**Data:**

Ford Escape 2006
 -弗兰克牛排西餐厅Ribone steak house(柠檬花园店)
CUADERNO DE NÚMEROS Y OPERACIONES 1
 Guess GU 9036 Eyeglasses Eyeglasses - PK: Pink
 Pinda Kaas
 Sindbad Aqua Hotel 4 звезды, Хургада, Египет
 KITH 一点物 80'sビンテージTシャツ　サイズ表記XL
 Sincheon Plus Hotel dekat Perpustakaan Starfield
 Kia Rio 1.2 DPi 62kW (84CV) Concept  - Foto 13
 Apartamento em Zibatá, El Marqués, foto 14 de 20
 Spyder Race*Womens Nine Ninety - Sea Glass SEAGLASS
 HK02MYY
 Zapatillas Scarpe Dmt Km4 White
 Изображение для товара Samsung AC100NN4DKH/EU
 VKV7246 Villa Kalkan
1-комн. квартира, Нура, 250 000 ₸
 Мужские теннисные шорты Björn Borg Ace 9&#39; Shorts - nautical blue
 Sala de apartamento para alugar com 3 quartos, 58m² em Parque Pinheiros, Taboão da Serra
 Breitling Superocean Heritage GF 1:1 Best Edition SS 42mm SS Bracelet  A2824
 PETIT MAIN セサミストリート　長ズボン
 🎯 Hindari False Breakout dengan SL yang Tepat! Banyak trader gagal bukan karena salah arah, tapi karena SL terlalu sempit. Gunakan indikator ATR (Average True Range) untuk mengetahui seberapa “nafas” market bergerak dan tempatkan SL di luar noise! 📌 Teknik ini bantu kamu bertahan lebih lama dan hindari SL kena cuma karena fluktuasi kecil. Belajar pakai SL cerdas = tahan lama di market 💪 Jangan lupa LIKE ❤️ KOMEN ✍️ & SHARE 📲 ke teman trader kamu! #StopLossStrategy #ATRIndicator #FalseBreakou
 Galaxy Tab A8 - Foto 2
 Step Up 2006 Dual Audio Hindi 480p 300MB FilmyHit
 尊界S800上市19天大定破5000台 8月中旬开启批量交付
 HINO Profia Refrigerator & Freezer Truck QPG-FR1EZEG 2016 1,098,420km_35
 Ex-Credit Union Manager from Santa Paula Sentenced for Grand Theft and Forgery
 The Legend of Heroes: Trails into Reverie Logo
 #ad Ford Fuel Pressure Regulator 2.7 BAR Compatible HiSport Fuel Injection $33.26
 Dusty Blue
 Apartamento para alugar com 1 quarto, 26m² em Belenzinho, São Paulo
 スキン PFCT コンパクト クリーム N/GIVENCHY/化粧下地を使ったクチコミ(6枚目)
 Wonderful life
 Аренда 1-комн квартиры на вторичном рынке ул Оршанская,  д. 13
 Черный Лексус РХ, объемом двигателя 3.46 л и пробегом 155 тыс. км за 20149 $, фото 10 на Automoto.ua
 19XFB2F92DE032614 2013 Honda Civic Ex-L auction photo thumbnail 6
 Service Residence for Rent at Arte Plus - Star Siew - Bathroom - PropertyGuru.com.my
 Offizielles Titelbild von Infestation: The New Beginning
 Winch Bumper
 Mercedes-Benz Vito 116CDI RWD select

**Aim of the exercise:** In the entries above, one line contains "Sindbad Aqua Hotel 4 звезды, Хургада, Египет" and another contains "PETIT MAIN セサミストリート　長ズボン". Reproduce exactly those two lines and the lines between them, nothing else.

**Exercise answer:**
 Sindbad Aqua Hotel 4 звезды, Хургада, Египет
 KITH 一点物 80'sビンテージTシャツ　サイズ表記XL
 Sincheon Plus Hotel dekat Perpustakaan Starfield
 Kia Rio 1.2 DPi 62kW (84CV) Concept  - Foto 13
 Apartamento em Zibatá, El Marqués, foto 14 de 20
 Spyder Race*Womens Nine Ninety - Sea Glass SEAGLASS
 HK02MYY
 Zapatillas Scarpe Dmt Km4 White
 Изображение для товара Samsung AC100NN4DKH/EU
 VKV7246 Villa Kalkan
1-комн. квартира, Нура, 250 000 ₸
 Мужские теннисные шорты Björn Borg Ace 9&#39; Shorts - nautical blue
 Sala de apartamento para alugar com 3 quartos, 58m² em Parque Pinheiros, Taboão da Serra
 Breitling Superocean Heritage GF 1:1 Best Edition SS 42mm SS Bracelet  A2824
 PETIT MAIN セサミストリート　長ズボン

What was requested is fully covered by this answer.